Hera systems engineer Franco Perez Lissi adds: “To fly alone, Juventas also ships a visible light camera, lidar, star trackers for navigation and a cold gas propulsion system, in addition to the inter-satellite radio link for Share your position and data with Hera. ”

In order to perform its radar survey of the smaller asteroid, Juventas will head to a unique ‘Self-stabilized Terminator Orbit’ around Didymos. This involves orbiting in parallel with the asteroid’s day-night terminator line, balancing the asteroid’s weak gravitational pull with the weak but constant pull of sunlight itself – the pressure of solar radiation. In fact, Didymos’ gravity is so low that Juventas will be orbiting at a rate of just centimeters per second, and JuRa will take advantage of this low speed to send the same encoded signal to the asteroid multiple times, increasing the instrument’s overall signal to ratio. noise. The reflected signals will be decoded and converted into a 3D image on Earth.

Juventas lands in Didymos

Arriving to land

Once Juventas completes its radar survey, it will enter orbit around Dimorphos to begin the next phase of its mission: landing on the smaller asteroid. Jan Persson notes: “We are still analyzing the best way to do this, but our speed must be low enough – on the order of centimeters per second – for Juventas to descend without bouncing back into space. Built-in accelerometers and gyroscopes will collect data from this moment to learn more about the surface’s properties. When Juventas finally stops, we want it to be in a stable configuration to operate the spacecraft’s second science payload, the GRASS gravimeter.”

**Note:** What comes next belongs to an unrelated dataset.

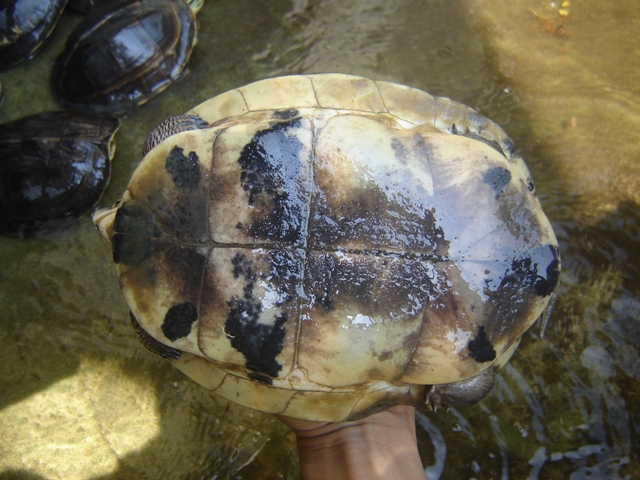 DIJUAL kura ambon sulawesi dan mauremys japonica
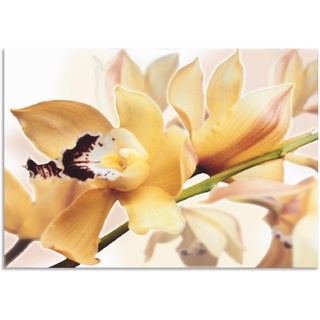 Wandbild ARTLAND "Gelbe Orchidee" Bilder Gr. B/H: 100 cm x 70 cm, Alu-Dibond-Druck Blumenbilder Querformat, 1 St., gelb Kunstdrucke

The first instrument to directly measure gravity on the surface of an asteroid, the Gravimeter for Small Solar System Objects, GRASS, was developed by the Royal Observatory of Belgium (ROB) with the Spanish company EMXYS. The plan is to record how gravity levels on Dimorphos change throughout its orbit around Didymos.

Integration of Juventas into GomSpace

Both the Juventas and Milani CubeSats have now joined their Hera mothership for testing at ESA’s ESTEC Test Center in the Netherlands, the largest spacecraft testing facility in Europe. The trio will be placed in the Maxwell electromagnetic compatibility chamber to verify that their inter-satellite links work as planned.